Task directions: Locate "哈尔滨厚唇改薄整形专家介绍_前七厚医生名单一览" in the data below, then output the line it is on and all following lines through the last, word for word. Skip any pictures.

Information supplied:
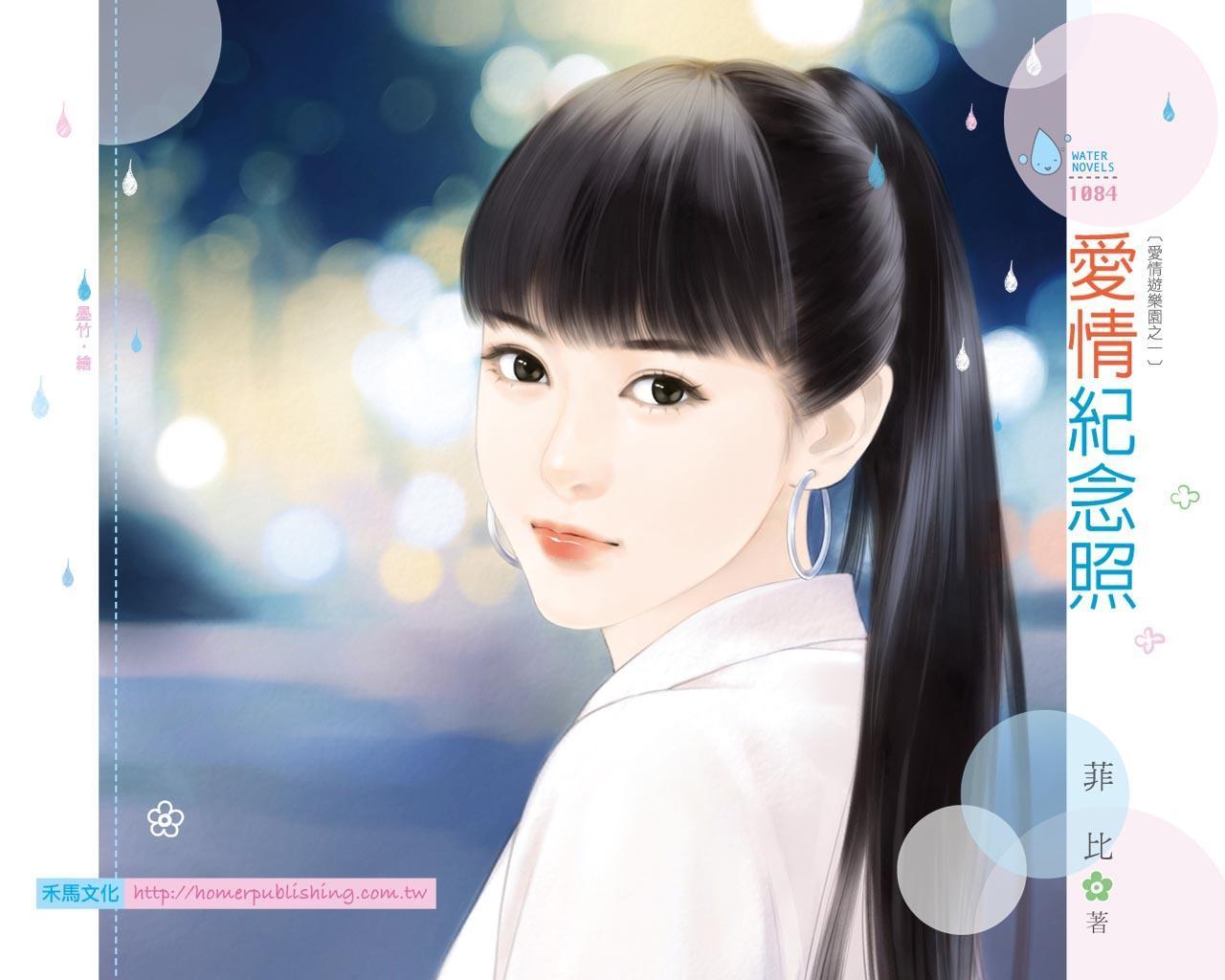 爱情纪念照(爱情游乐园之一)封面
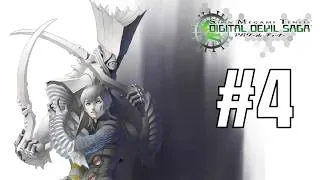 Thumbnail: Shin Megami Tensei: Digital Devil Saga [Part 4] - Assless Chaps Base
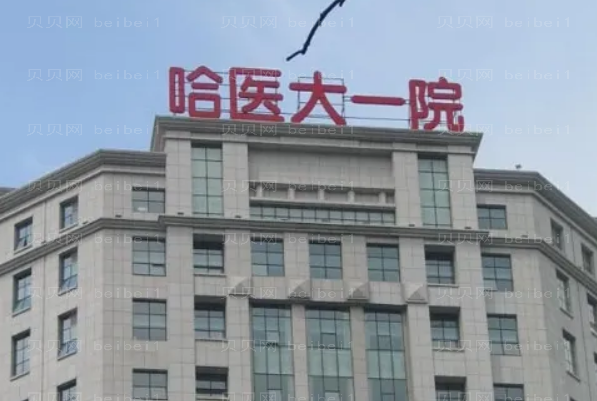 哈尔滨厚唇改薄整形专家介绍_前七厚医生名单一览
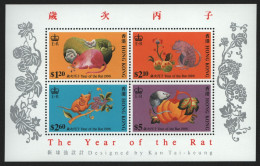 Hongkong 1996 - Mi-Nr. Block 37 ** - MNH - Jahr Der Ratte - Ungebraucht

Exercise result:
 哈尔滨厚唇改薄整形专家介绍_前七厚医生名单一览
 Hongkong 1996 - Mi-Nr. Block 37 ** - MNH - Jahr Der Ratte - Ungebraucht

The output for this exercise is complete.